----- Input material
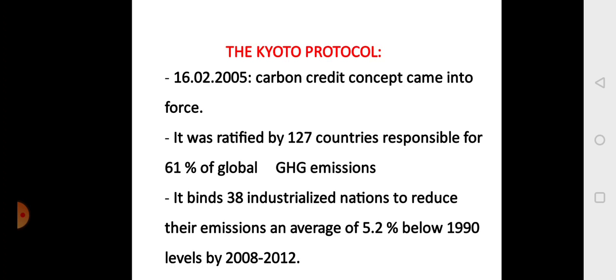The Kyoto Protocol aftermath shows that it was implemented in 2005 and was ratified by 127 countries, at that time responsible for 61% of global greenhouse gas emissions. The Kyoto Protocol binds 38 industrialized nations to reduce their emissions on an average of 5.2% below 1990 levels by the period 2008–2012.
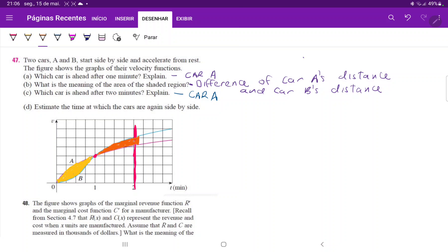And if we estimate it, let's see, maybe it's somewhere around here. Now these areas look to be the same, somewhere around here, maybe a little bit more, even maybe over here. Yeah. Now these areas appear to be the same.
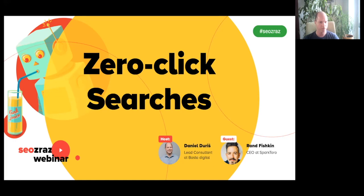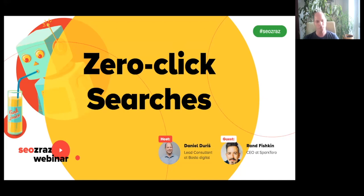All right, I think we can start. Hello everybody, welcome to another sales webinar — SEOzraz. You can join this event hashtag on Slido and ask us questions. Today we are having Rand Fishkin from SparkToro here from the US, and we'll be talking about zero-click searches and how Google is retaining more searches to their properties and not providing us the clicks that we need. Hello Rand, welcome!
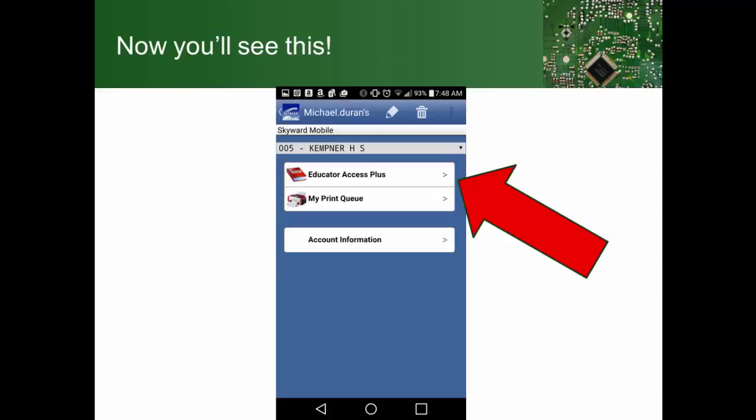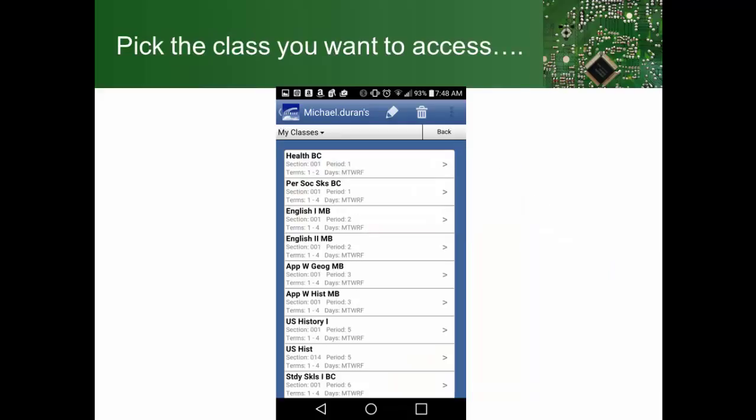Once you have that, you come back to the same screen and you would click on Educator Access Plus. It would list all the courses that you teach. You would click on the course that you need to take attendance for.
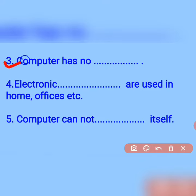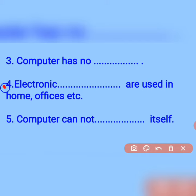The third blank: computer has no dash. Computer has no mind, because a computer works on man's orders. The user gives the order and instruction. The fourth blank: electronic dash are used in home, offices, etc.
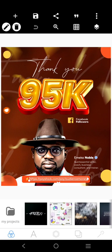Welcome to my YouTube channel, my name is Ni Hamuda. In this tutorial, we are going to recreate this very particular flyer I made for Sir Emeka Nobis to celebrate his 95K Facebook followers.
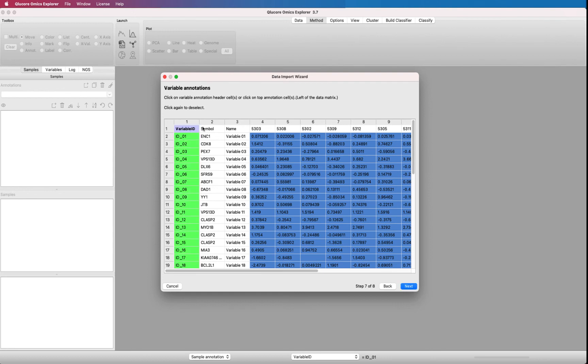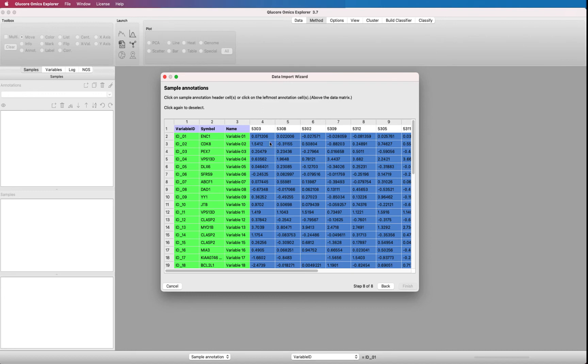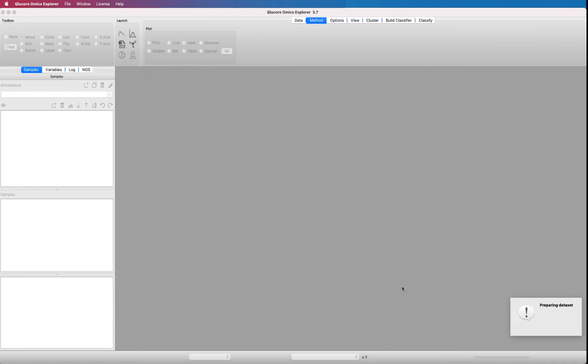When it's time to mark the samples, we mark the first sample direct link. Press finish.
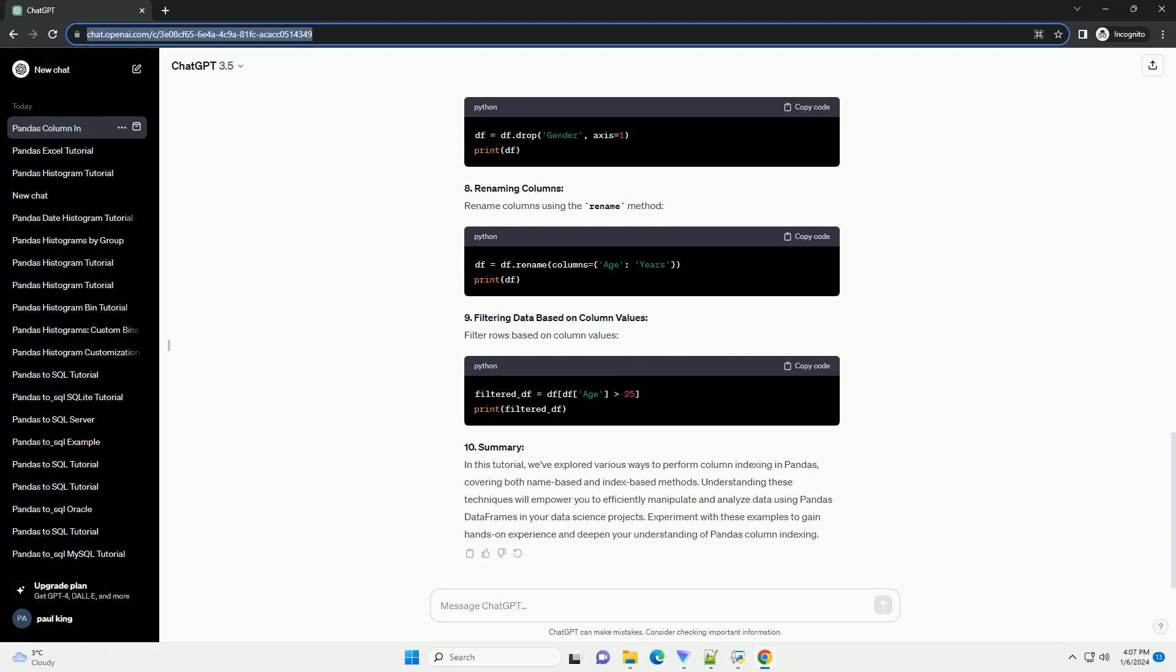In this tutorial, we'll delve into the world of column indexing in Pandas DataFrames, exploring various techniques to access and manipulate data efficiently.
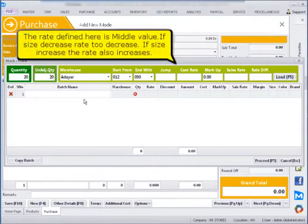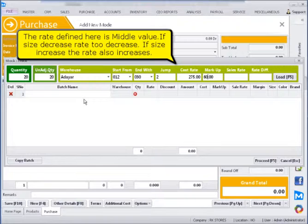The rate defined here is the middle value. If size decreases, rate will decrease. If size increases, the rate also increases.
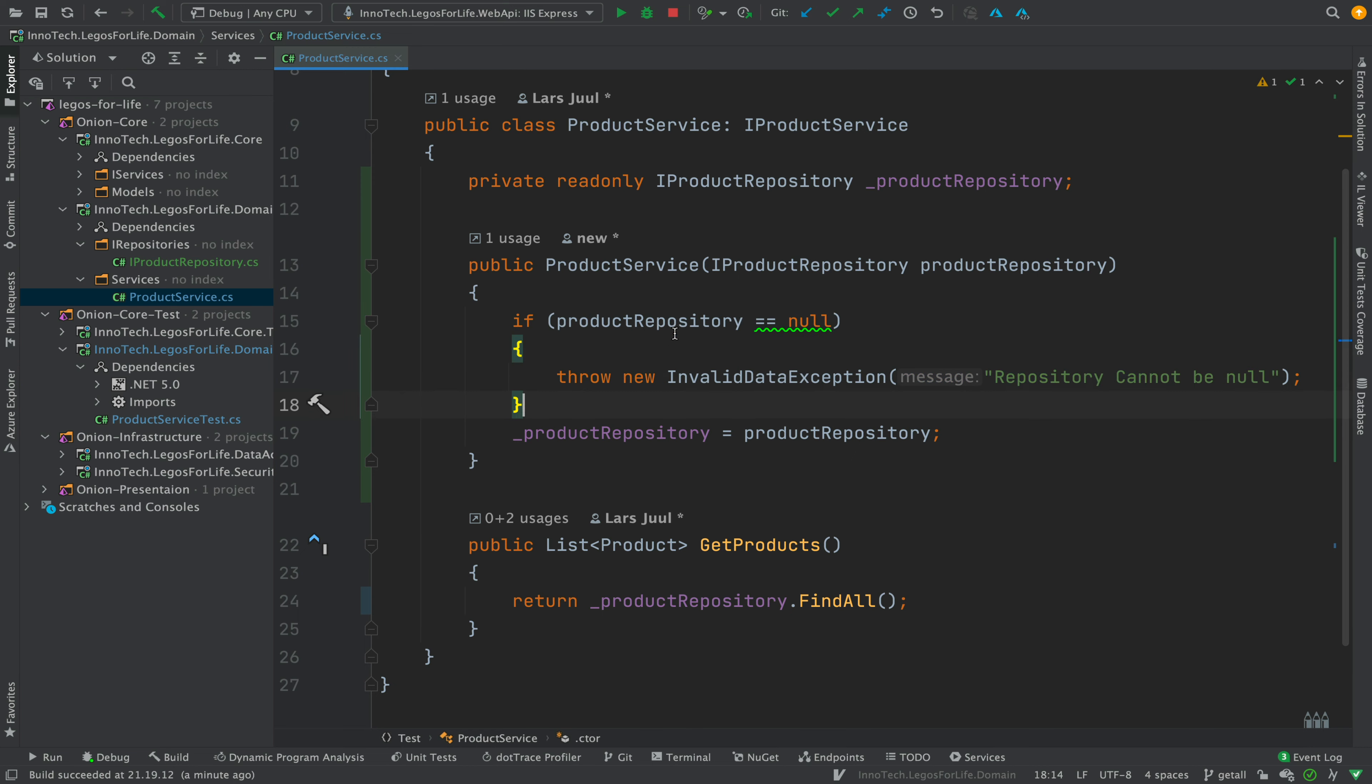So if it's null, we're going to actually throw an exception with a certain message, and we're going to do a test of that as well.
----------
For this exercise, reproduce exactly the lines of the records above from the one with "Welcome to my" up to and including the one with "The rate defined", without pictures.

Welcome to my YouTube channel, my name is Ni Hamuda. In this tutorial, we are going to recreate this very particular flyer I made for Sir Emeka Nobis to celebrate his 95K Facebook followers.
When it's time to mark the samples, we mark the first sample direct link. Press finish.
In this tutorial, we'll delve into the world of column indexing in Pandas DataFrames, exploring various techniques to access and manipulate data efficiently.
The rate defined here is the middle value. If size decreases, rate will decrease. If size increases, the rate also increases.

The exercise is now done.